:: Requirement ::
Find the line that contains "旧富豪のためのバーガンディ色のフラット サンキューカード (正面/裏面)"; then retype it and each line after it, exactly, through the final line of the data below.

-- Raw data follows --

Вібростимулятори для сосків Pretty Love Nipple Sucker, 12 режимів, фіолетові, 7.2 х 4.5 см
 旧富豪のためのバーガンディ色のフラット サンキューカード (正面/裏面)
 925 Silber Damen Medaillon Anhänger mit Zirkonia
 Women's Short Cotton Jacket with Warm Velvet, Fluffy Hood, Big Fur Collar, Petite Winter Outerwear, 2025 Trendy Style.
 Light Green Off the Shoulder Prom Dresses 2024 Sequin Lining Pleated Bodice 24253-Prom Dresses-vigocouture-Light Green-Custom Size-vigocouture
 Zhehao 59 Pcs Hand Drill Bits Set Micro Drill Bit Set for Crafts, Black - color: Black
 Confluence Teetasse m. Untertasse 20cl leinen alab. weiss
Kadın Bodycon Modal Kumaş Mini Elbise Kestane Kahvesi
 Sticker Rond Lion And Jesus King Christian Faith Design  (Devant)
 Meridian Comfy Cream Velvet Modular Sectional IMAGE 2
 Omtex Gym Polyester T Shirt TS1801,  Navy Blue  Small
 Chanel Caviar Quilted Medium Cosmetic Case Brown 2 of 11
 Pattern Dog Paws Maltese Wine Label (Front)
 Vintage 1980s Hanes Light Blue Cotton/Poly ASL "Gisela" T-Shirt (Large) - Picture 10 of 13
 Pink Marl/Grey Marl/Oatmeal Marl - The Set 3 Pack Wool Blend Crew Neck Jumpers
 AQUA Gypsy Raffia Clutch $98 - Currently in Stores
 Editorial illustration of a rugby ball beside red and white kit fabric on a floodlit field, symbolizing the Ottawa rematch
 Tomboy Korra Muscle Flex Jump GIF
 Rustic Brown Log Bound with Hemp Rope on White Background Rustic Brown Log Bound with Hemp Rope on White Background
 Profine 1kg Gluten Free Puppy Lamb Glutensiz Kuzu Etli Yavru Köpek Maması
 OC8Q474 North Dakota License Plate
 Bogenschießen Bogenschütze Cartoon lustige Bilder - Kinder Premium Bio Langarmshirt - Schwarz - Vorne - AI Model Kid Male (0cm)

-- Raw data concluded --

:: Your response ::
 旧富豪のためのバーガンディ色のフラット サンキューカード (正面/裏面)
 925 Silber Damen Medaillon Anhänger mit Zirkonia
 Women's Short Cotton Jacket with Warm Velvet, Fluffy Hood, Big Fur Collar, Petite Winter Outerwear, 2025 Trendy Style.
 Light Green Off the Shoulder Prom Dresses 2024 Sequin Lining Pleated Bodice 24253-Prom Dresses-vigocouture-Light Green-Custom Size-vigocouture
 Zhehao 59 Pcs Hand Drill Bits Set Micro Drill Bit Set for Crafts, Black - color: Black
 Confluence Teetasse m. Untertasse 20cl leinen alab. weiss
Kadın Bodycon Modal Kumaş Mini Elbise Kestane Kahvesi
 Sticker Rond Lion And Jesus King Christian Faith Design  (Devant)
 Meridian Comfy Cream Velvet Modular Sectional IMAGE 2
 Omtex Gym Polyester T Shirt TS1801,  Navy Blue  Small
 Chanel Caviar Quilted Medium Cosmetic Case Brown 2 of 11
 Pattern Dog Paws Maltese Wine Label (Front)
 Vintage 1980s Hanes Light Blue Cotton/Poly ASL "Gisela" T-Shirt (Large) - Picture 10 of 13
 Pink Marl/Grey Marl/Oatmeal Marl - The Set 3 Pack Wool Blend Crew Neck Jumpers
 AQUA Gypsy Raffia Clutch $98 - Currently in Stores
 Editorial illustration of a rugby ball beside red and white kit fabric on a floodlit field, symbolizing the Ottawa rematch
 Tomboy Korra Muscle Flex Jump GIF
 Rustic Brown Log Bound with Hemp Rope on White Background Rustic Brown Log Bound with Hemp Rope on White Background
 Profine 1kg Gluten Free Puppy Lamb Glutensiz Kuzu Etli Yavru Köpek Maması
 OC8Q474 North Dakota License Plate
 Bogenschießen Bogenschütze Cartoon lustige Bilder - Kinder Premium Bio Langarmshirt - Schwarz - Vorne - AI Model Kid Male (0cm)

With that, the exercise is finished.